Risulta estenuante dover ripetere la cronistoria di un romanzo italiano come la vicenda Stadio della Roma: tra giunte radicali (Marino) e circhi pentastellati, procure della repubblica, palazzinari d’alto bordo, archistar e grattacieli caduti prima di esser progettati. James era venuto essenzialmente per questo megalomane progetto edilizio che al suo punto più alto di ambizione prevedeva un nuovo quartiere per la città di Roma, un nuovo quadrante di sviluppo della metropoli in direzione porto e aeroporto di Fiumicino sotto la targa infranta della ditta Alitalia-Etihad.
Un progetto come quelli che a Milano fanno parlare e pontificare per anni. Una zona ecodepressa della città da poter completamente riqualificare (Tor di Valle), un ippodromo fatiscente sede di ratti e prostitute da far rinascere. Un iter burocratico che nemmeno durante i fasti dell’impero bizantino, una inestricabile rete di atti e documenti di uno, nessuno e centomila enti locali più o meno deputati ad esprimersi. Sullo sfondo, sulla cornice, nel quadro e nel pittore la tetra presenza di qualche mammasantissima dell’edilizia romana, vien da credere d’origine siciliana, non invitato al banchetto. Una vicenda che ha dell’incredibile e che si può davvero credere abbia condotto Pallotta alla nevrosi.

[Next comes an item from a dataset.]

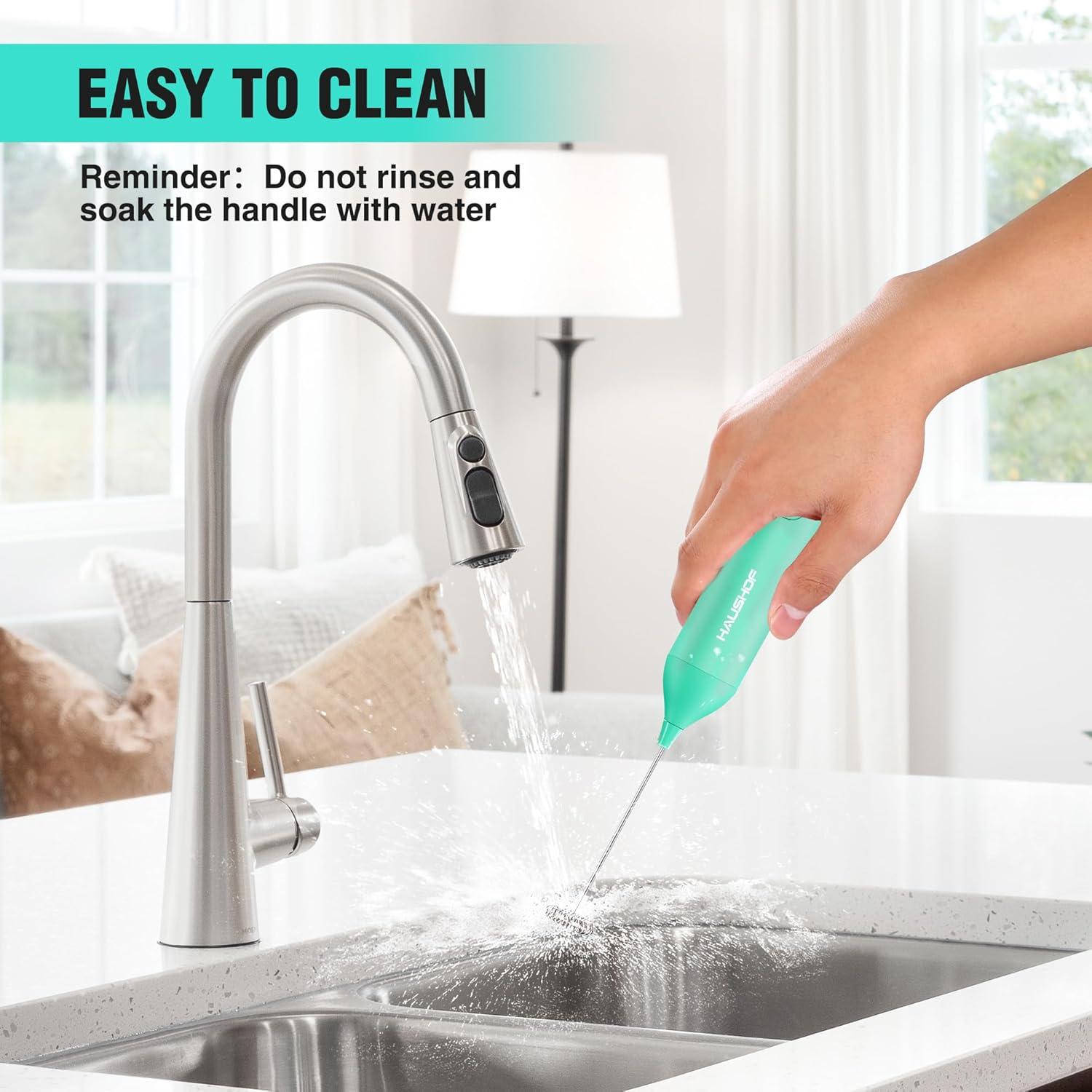 Espumador de Leche Eléctrico HAUSHOF Verde Recargable USB-C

Cosa pensare di questa era firmata JJ Pallotta? Una attitudine al buon governo di una società di capitali da lodare, senza se e senza ma. La Roma esce da questa fase storica estremamente più solida di come ci era entrata. Un brand riconoscibile, un valore commerciale netto ed ineludibile. L’arrivo di un gruppo come quello di Friedkin lascia intendere che una zavorra stile Ciarrapico non possa mai più verificarsi.
Ma a pallone non ci si gioca coi bilanci o coi social network. Una prima parte di programmazione tecnica ed investimenti, anche generosi, ha lasciato ben presto spazio ad una fase di trading compulsivo, in cui la Roma è stata un acceleratore europeo di talenti più che una squadra che ambiva a competere. Troppi scambi, troppo tempo perso e troppe decisioni sbagliate. Ma come diceva Renato Rascel: la Roma non si discute, si ama. Salutiamo quindi la nuova presidenza ringraziando la vecchia, per i meriti e i demeriti, continuando a sperare di uscire dalla prigionia del sogno.